PARIS — Just hours before the opening of an exhibit on Armenian stone crosses (Khachkars) at the UNESCO headquarters in Paris, the Armenian delegation was thrown into a panic when organizers started to remove all place names and informational map, as well as a photo of the Armenian cemetery in Jougha after the stone crosses had been destroyed by the Azerbaijani government.
The hall was packed with invited guests to participate in the opening ceremony of the exhibit billed as “Art of the Stone Cross – Armenian Holy Stones”.
According to Arev Samvelyan, RA Deputy Minister of Culture, the UNESCO officials not only found any mention of Armenian crosses in Turkey and Azerbaijan objectionable but references to crosses in Karabakh as well.

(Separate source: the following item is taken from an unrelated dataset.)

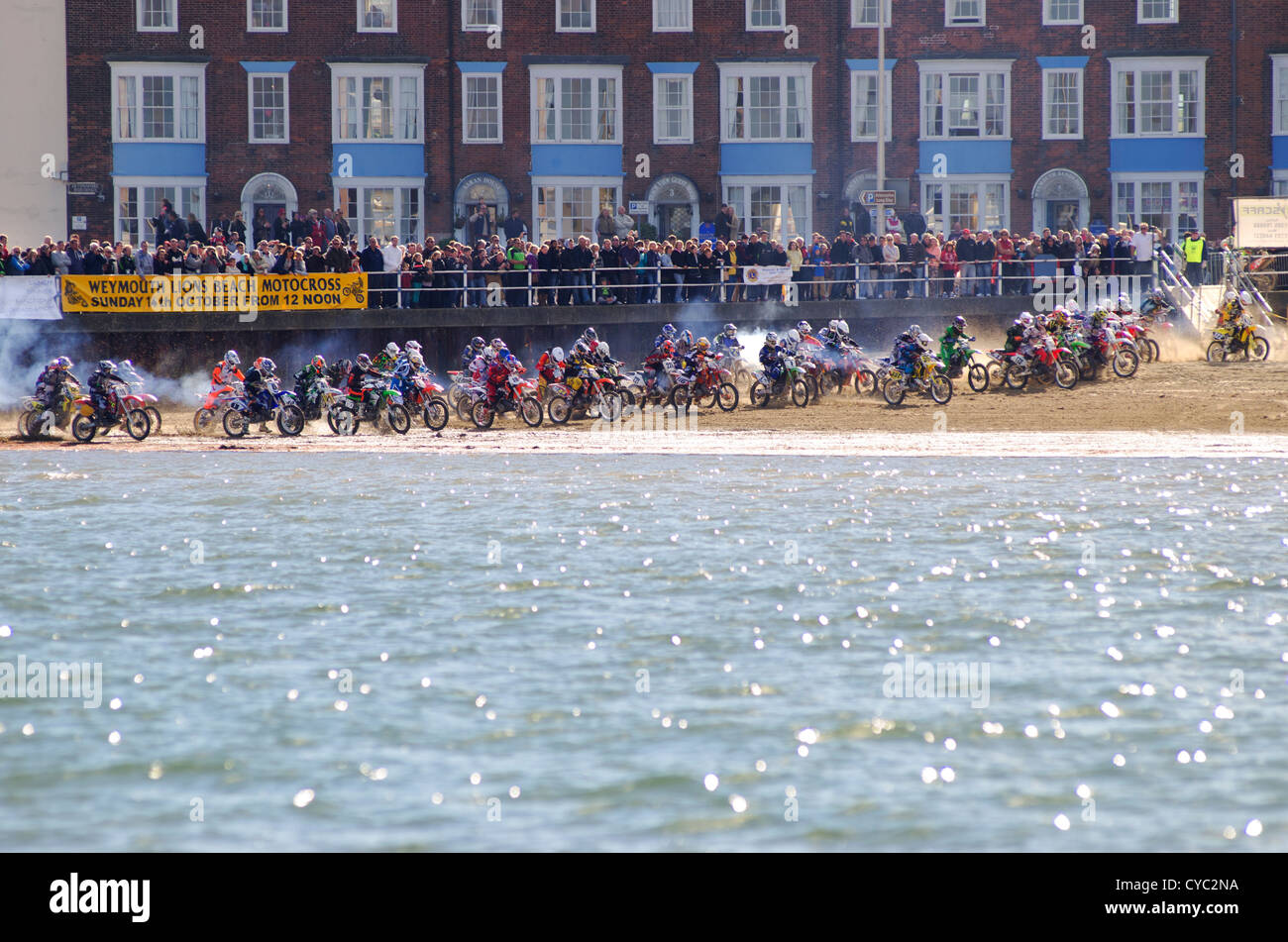 Weymouth Strand Motocross im Bild vom Meer entfernt. Es findet jedes Jahr im Oktober und bis zu 10.000 Zuschauer teilnehmen, für den Tag Stockfoto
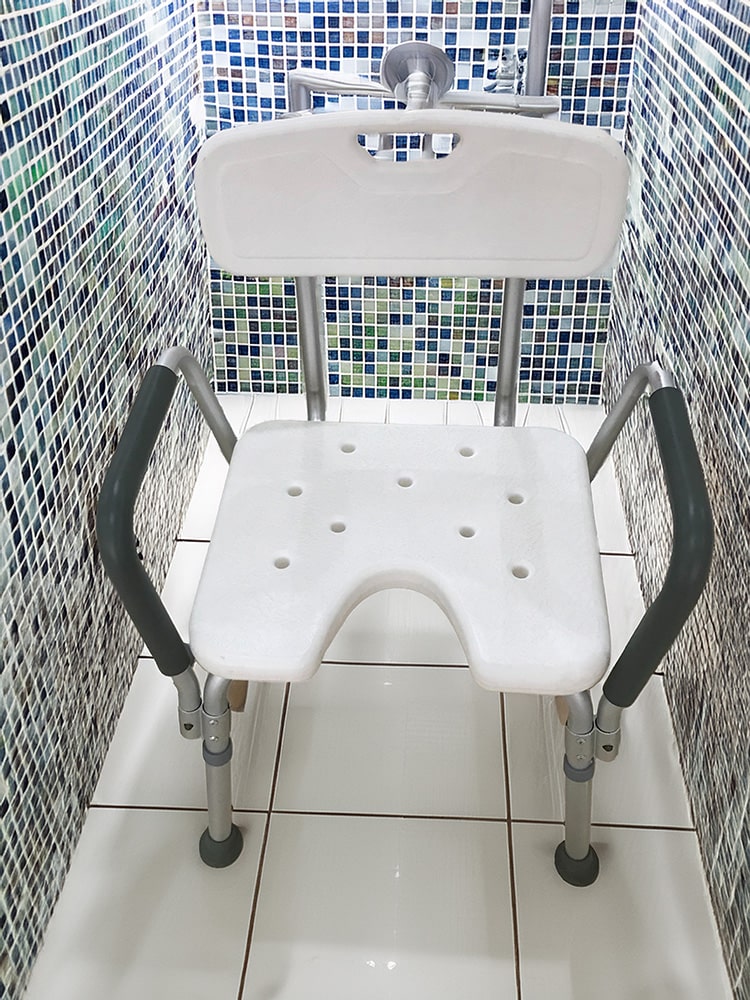 ¿Por qué debería elegir una silla de ducha con brazos para mayor comodidad y seguridad?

The Armenian delegation gave in on the Jougha issue but insisted on keeping the photo of the Armenian cemetery before the destruction of hundreds of stone crosses.
In response, UNESCO staffers removed the organization’s official flag from the exhibit hall and didn’t show for the opening ceremony, claiming that they were otherwise engaged.
Commenting on the last minute flap, art historian Patrick Donabedian said, “I just want to underline that today UNESCO is far removed from fulfilling its stated mission. They wanted to remove my exhibit just because the word Jougha was in the text.”
The Armenian organizations of France and Switzerland vigorously protested against cultural denial.